Because the district court properly admitted the evidence of the New Jersey and Waikiki attacks, we affirm.
1. We resolve Berckmann's arguments pertaining to the sufficiency of the evidence, the effectiveness of counsel, and the reasonableness of his sentence in a concurrently filed memorandum disposition.
2. See, e.g., United States v. Covington, 565 F.3d 1336, 1342–43 (11th Cir. 2009); see also United States v. Farish, 535 F.3d 815, 820 (8th Cir. 2008) (prior domestic abuse evidence admissible to explain the defendant's motive to commit arson against a friend of the defendant's abused wife, who was sheltering the wife).
3. See, e.g., United States v. Johnson, 860 F.3d 1133, 1142 (8th Cir. 2017) (prior assault convictions admissible to “help explain the history” between the victim and the defendant “from which [the defendant's] intent to commit violence upon [the victim] is derived”).
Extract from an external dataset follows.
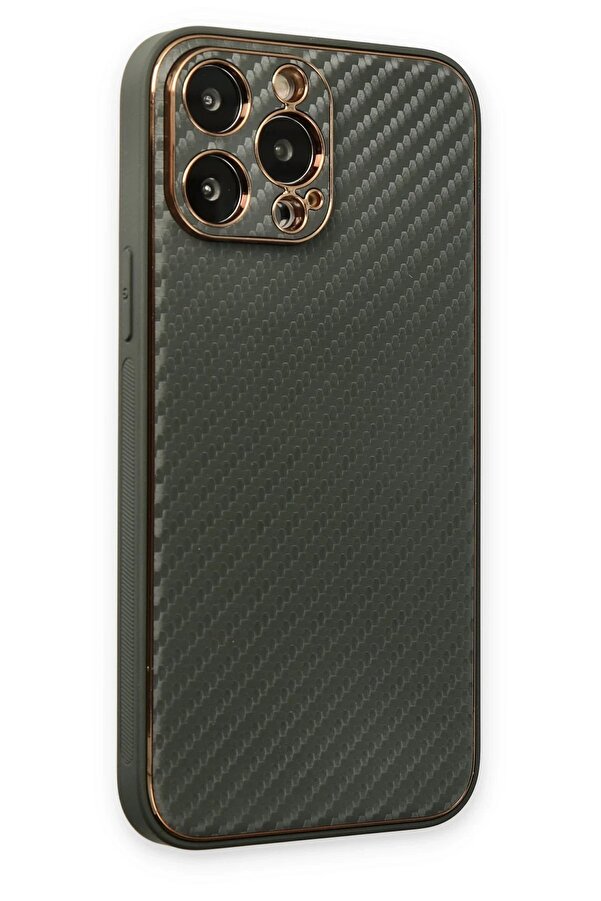 İphone 13 Pro Max Kılıf Coco Karbon Si̇li̇kon - Füme - Dropx4910-1183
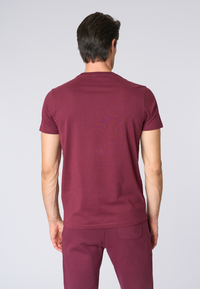 T-shirt a maniche corte heavy jersey con logo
4. Courts also have permitted other acts of violence as evidence to explain a victim's reaction—or apparent non-reaction—after being assaulted. See, e.g., United States v. Tsinnijinnie, 91 F.3d 1285, 1289 (9th Cir. 1996) (evidence of prior physical abuse admissible under Rule 404(b) to demonstrate how a victim “could be afraid enough to submit to such actions quietly”); United States v. Faulls, 821 F.3d 502, 508–09 (4th Cir. 2016) (domestic violence admissible under Rule 404(b) to explain the defendant's “control and domination” over his victim, and to explain why the victim remained with the defendant); United States v. Plumman, 409 F.3d 919, 928 (8th Cir. 2005) (prior assaults admissible under Rule 404(b) because the “physical assault evidence ․ provide[d] a reason why [the victim] did not contact law enforcement”). Because the government did not pursue this theory at trial or on appeal, we do not analyze it here.